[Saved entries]
((
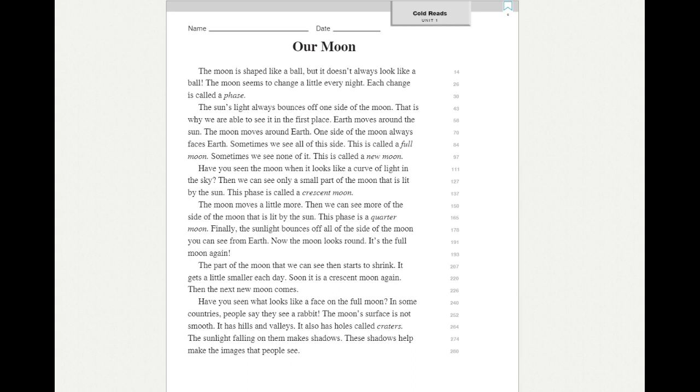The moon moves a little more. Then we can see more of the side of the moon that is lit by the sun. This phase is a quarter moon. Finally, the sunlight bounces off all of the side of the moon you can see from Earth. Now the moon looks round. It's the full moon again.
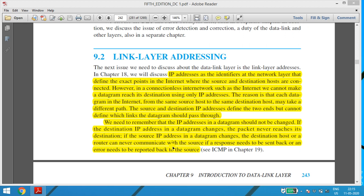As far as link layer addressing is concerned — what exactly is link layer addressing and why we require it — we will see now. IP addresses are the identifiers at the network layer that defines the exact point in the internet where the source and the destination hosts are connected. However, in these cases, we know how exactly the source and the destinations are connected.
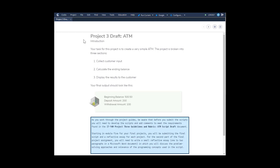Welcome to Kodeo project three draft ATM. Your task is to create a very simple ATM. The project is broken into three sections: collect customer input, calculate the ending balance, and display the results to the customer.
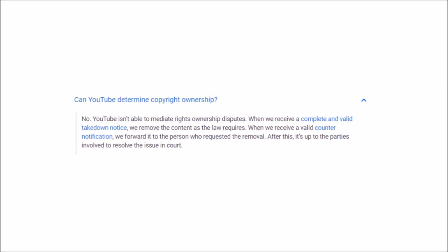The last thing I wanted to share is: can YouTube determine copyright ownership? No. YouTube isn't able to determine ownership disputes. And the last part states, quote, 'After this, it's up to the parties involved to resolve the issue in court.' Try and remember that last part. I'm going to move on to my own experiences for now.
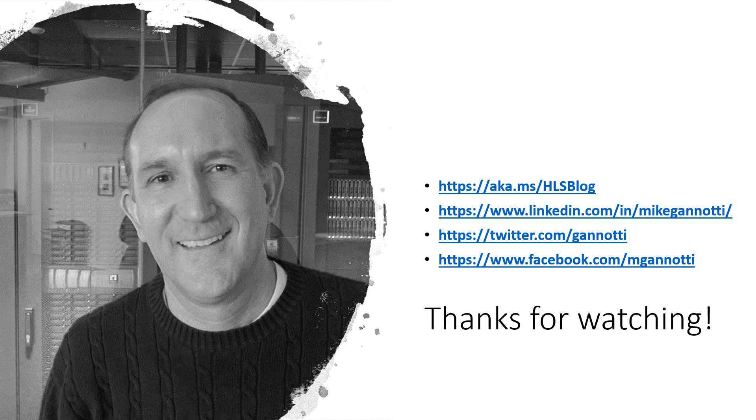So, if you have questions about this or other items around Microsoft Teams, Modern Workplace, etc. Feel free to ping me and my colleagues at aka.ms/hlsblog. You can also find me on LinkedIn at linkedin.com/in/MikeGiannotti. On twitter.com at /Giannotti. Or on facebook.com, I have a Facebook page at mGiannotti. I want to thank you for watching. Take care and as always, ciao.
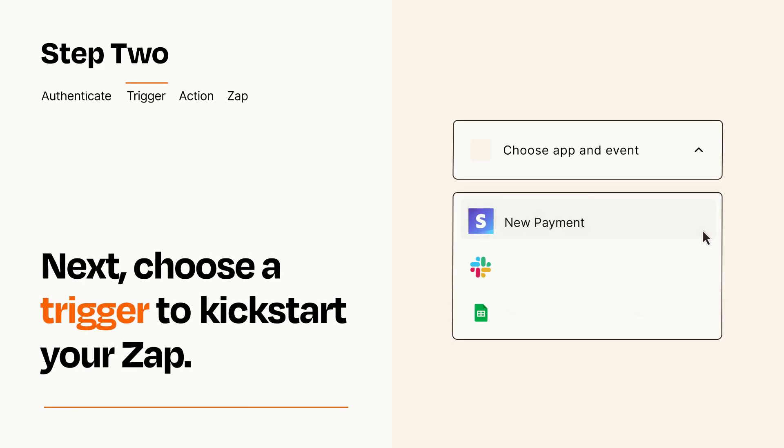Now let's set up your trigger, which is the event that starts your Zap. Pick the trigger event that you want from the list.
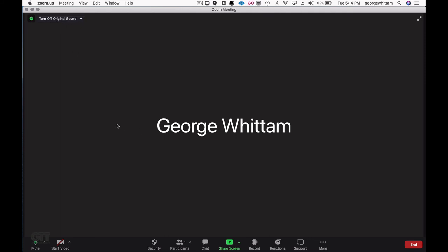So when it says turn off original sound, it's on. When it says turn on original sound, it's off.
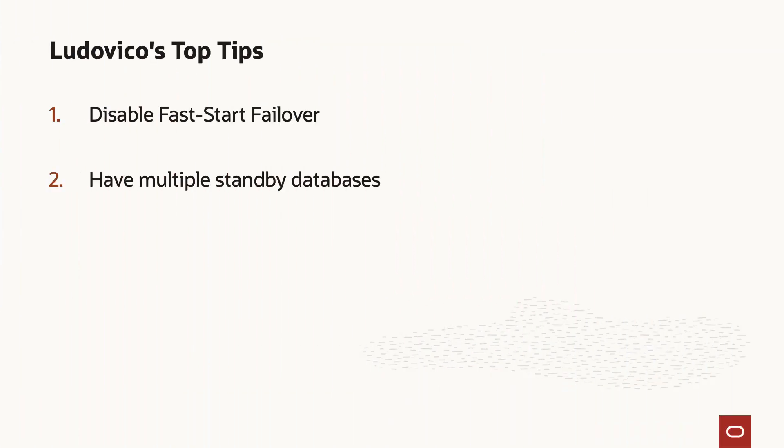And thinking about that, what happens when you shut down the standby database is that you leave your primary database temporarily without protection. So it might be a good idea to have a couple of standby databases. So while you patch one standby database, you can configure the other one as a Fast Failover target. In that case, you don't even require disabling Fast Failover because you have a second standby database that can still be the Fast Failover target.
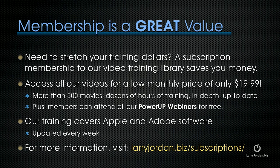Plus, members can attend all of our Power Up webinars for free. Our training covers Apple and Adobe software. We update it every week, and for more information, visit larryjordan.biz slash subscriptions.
))
Leave out the pictures and reproduce the rest of the records exactly.

The moon moves a little more. Then we can see more of the side of the moon that is lit by the sun. This phase is a quarter moon. Finally, the sunlight bounces off all of the side of the moon you can see from Earth. Now the moon looks round. It's the full moon again.
As far as link layer addressing is concerned — what exactly is link layer addressing and why we require it — we will see now. IP addresses are the identifiers at the network layer that defines the exact point in the internet where the source and the destination hosts are connected. However, in these cases, we know how exactly the source and the destinations are connected.
Welcome to Kodeo project three draft ATM. Your task is to create a very simple ATM. The project is broken into three sections: collect customer input, calculate the ending balance, and display the results to the customer.
The last thing I wanted to share is: can YouTube determine copyright ownership? No. YouTube isn't able to determine ownership disputes. And the last part states, quote, 'After this, it's up to the parties involved to resolve the issue in court.' Try and remember that last part. I'm going to move on to my own experiences for now.
So, if you have questions about this or other items around Microsoft Teams, Modern Workplace, etc. Feel free to ping me and my colleagues at aka.ms/hlsblog. You can also find me on LinkedIn at linkedin.com/in/MikeGiannotti. On twitter.com at /Giannotti. Or on facebook.com, I have a Facebook page at mGiannotti. I want to thank you for watching. Take care and as always, ciao.
Now let's set up your trigger, which is the event that starts your Zap. Pick the trigger event that you want from the list.
So when it says turn off original sound, it's on. When it says turn on original sound, it's off.
And thinking about that, what happens when you shut down the standby database is that you leave your primary database temporarily without protection. So it might be a good idea to have a couple of standby databases. So while you patch one standby database, you can configure the other one as a Fast Failover target. In that case, you don't even require disabling Fast Failover because you have a second standby database that can still be the Fast Failover target.
Plus, members can attend all of our Power Up webinars for free. Our training covers Apple and Adobe software. We update it every week, and for more information, visit larryjordan.biz slash subscriptions.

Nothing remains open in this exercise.